Now, to employ some tricky logic. One of R3C1-2L1 must be unshaded, or else we make a 2x2 (R3C(1-2)L(1-2)). Either the 3 extends south, or the 6 gets there, but the 6 would exhaust all of its length doing so. (west, west, up, up, north, say.) That would leave R(2-3)C4L3 unattended (The 4-clue requires 5 to get there; other clues are more hopeless). So the 6 must care for that (we can't immediately mark R3C4L3 as unshaded, because we could conceivably satisfy it by first going down, north, north, up). But we can declare that 3 must go south, south.
Fill adjacents, then note that R2C3L1 must be unshaded to avoid a 2x2. That completes the 4-clue...
Fill those adjacents, note that R1C1L3 must also be unshaded to avoid 2x2's, which completes the R2C1L4 3 clue...
And fill yet more adjacents. Whew.
Now we should look at layer 2's R4C(1-2). One of these must be unshaded, and it must be satisfied by the 6-clue. It must hit R4C2L2 first, so let's path that.
Actually the 3-clue in R3C4L1 is pretty trapped and has only one way to resolve so let's do that.
Fill adjacents. R2C3L4 is too far from the 6-clue now, as it's already size 4. So it completes the size 3 region as follows:
Nothing can reach R1C4L4. Let's shade it.
That means R2C4L3 must be unshaded to avoid another 2x2 (R(1-2)C4L(3-4)) and that completes the 6-clue. We're done!
Puzzle 3 full solution
Let's do the spacing deductions again, and fill out all of the 1's.
We use another 2D nurikabe deduction that often appears with 2's - if a 2-clue only has two places to expand, then the diagonally adjacent square that is adjacent to both of these places is shaded. Otherwise the 2-clue is trapped to either being a 1 or 3+ clue. This shades R2C3L4, since the 2-clue only has 2 places to go now.
R1C1L1's 5 cannot go down at all!

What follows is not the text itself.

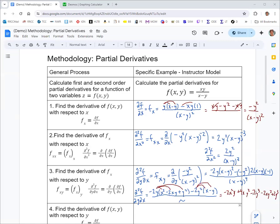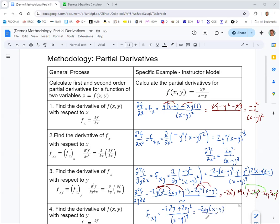The negative 2y cubed and positive 2y cubed add to zero. Then 4xy squared minus 2xy squared gives 2xy squared. So the numerator is negative 2x squared y plus 2xy squared. There's a common factor of 2xy, and factoring gives 2xy times (x minus y). The (x minus y) factor cancels with one in the denominator, giving our simplified result: negative 2xy over (x minus y) cubed.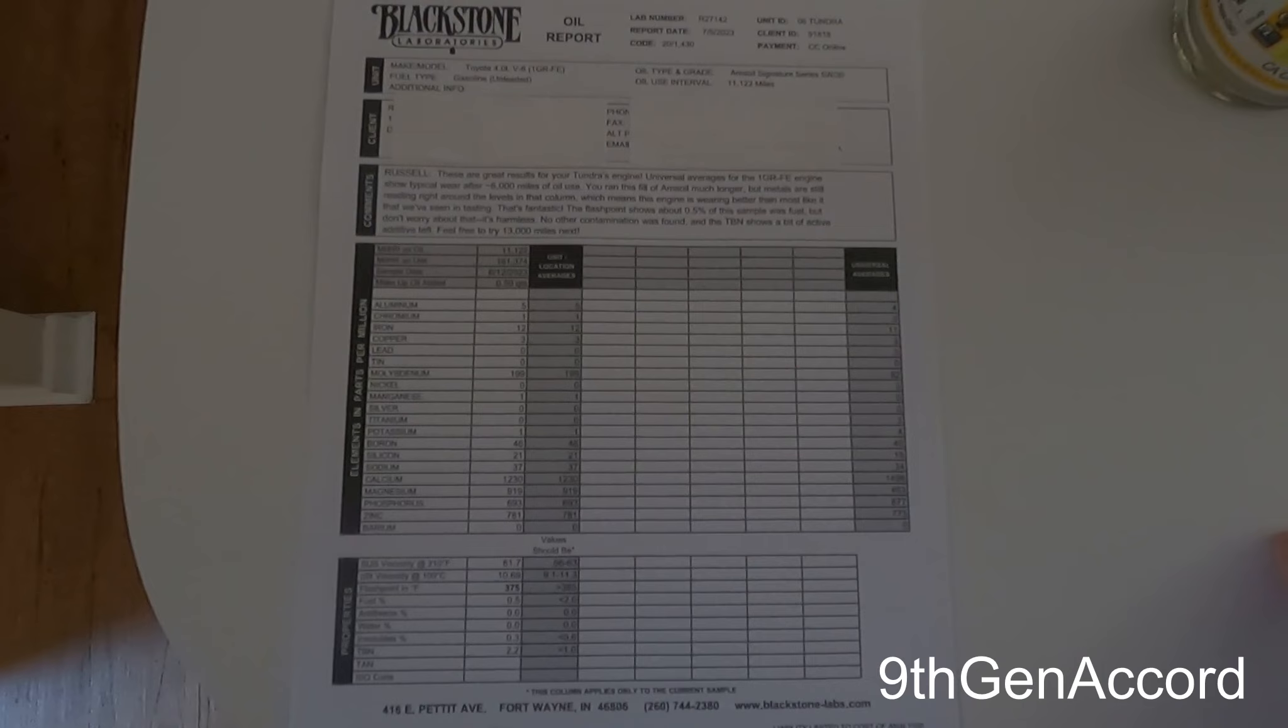I like their commentary. They wrote that it was great results for your Tundra's engine. Universal averages from the 1GR-FE engine show typical wear after 6,000 miles of oil use. You ran this fill of Amsoil much longer, but metals are still reading right around the levels in that column. So basically, they're saying that they think this engine is wearing better than most that they see in their testing, and they're very happy with that.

This finishes the 5-clue.
And fill adjacents.
Both the 9 clue and above it R1C4L1 must go south to escape. R4C1L1 must go east to escape. This also shades R2C3L2.
Now R3C2L2 must be unshaded to avoid the 2x2 in R(3-4)C2L(1-2). That completes that 2-clue, and fill adjacents.

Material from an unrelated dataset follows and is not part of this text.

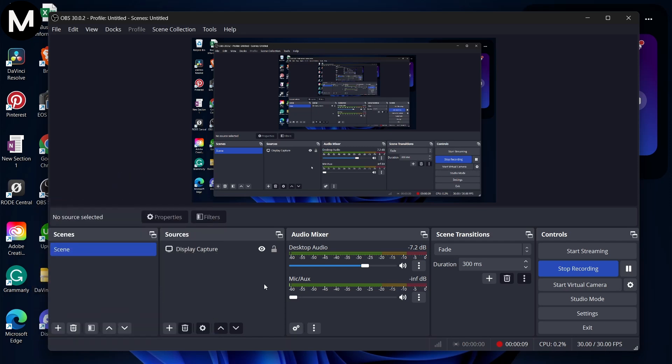Welcome, everyone. I'm your host from Media Magnet Guide, and today I'll guide you through the steps of capturing a specific portion of your screen using OBS Studio.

The 5-clue in R3C3L1 must go down at some point. The only accessible place is R4C4L2.
After shading in R4C3L2, R4C4L3 (both blocked by the 2-clue in R4C3L3), and R3L4C2 (blocked by the 9-clue), this completes the 5-clue.
9-clue must go down. This allows us to fill R2C4L4 (blocked by the 2-clue in R1C4L4)...
...which resolves the 2-clue that way.
The 9-clue must keep going down, however. Only place to do that is via R3C4L4.
Thus R4C4L3 must escape down, west.
9-clue continues westward.
Shade R3C3L3; that resolves the last 2-clue.
R4C3L4 must keep escaping west, west.
R2C3L3 belongs to the 9-clue or else R(2-3)C(2-3)L3 is a 2x2 shaded
R2C3L4 escapes west...
Then the 9-clue escapes west, completing it. Fill adjacents...
Everything else goes to the 4-clue. We're done!